Russian media outlets are pulling out correspondents from the country's parliament, in solidarity with multiple accusers of alleged sexual harassment who have accused a top official of propositioning them for sex, trying to kiss them or even groping them.

The accusations against Leonid Slutsky, who heads the lower house's Foreign Affairs Committee, gathered momentum last month when no fewer than three female journalists shared stories that allege he made persistent advances at them during work. Two of the women made their case in front of parliament's Ethics Commission on Wednesday, which threw their case out in one sitting. Instead, Slutsky's colleagues cast suspicion on the allegations, asking why the women had come forward around the same time and in two cases, several years after the alleged incidents.

Related: In Russia, Parliament Has Thrown Out Sexual Harassment Allegations from Multiple Women Against Lawmaker

The decision has now spurred 19 outlets to suspend work with the lower house in some form or another, including top liberal news radio Echo of Moscow, the country's most esteemed investigative newspaper Novaya Gazeta and a triumvirate of independent business publications RBC, Vedomosti and Kommersant.
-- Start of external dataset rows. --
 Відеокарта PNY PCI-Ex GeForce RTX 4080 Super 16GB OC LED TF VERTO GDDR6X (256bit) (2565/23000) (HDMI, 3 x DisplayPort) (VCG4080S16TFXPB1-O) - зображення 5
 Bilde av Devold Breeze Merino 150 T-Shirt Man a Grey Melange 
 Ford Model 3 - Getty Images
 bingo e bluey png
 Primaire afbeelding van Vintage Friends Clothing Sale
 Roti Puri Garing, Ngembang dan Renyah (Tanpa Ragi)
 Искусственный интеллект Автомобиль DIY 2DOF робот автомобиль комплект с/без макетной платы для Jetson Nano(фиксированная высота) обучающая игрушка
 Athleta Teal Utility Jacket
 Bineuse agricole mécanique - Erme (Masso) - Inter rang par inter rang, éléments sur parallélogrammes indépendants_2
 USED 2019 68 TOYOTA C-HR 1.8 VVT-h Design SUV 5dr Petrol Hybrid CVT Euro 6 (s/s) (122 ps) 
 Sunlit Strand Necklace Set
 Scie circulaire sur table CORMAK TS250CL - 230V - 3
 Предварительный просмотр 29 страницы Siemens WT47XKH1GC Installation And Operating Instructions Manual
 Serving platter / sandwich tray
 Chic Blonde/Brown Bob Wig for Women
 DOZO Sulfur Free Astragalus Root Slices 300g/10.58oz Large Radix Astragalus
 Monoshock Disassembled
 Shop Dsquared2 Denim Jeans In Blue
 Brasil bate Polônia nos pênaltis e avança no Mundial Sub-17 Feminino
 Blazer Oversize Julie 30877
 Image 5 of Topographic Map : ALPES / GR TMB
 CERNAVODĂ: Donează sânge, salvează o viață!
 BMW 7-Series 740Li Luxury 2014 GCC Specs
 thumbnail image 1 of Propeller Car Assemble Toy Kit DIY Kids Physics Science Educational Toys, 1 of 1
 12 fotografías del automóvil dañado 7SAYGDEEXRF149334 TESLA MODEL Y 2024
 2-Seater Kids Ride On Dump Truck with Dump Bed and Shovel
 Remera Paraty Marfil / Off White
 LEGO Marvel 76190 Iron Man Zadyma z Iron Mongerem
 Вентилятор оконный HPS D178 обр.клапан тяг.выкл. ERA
"If the rights of citizens are protected selectively, if the members of parliament are allowed to neglect the dignity and security of people counting on the corporate solidarity of the lower house, then the rights of everyone—not just journalists—are under threat," the statement from the Vedomosti daily newspaper read.

The RTVI channel also joined the boycott and underlined that it will remain out of the lower house for as long as Slutsky remains in office. In some cases, the boycott centers entirely on speaking to Slutsky specifically or lawmakers in the Ethics Commission that made the ruling.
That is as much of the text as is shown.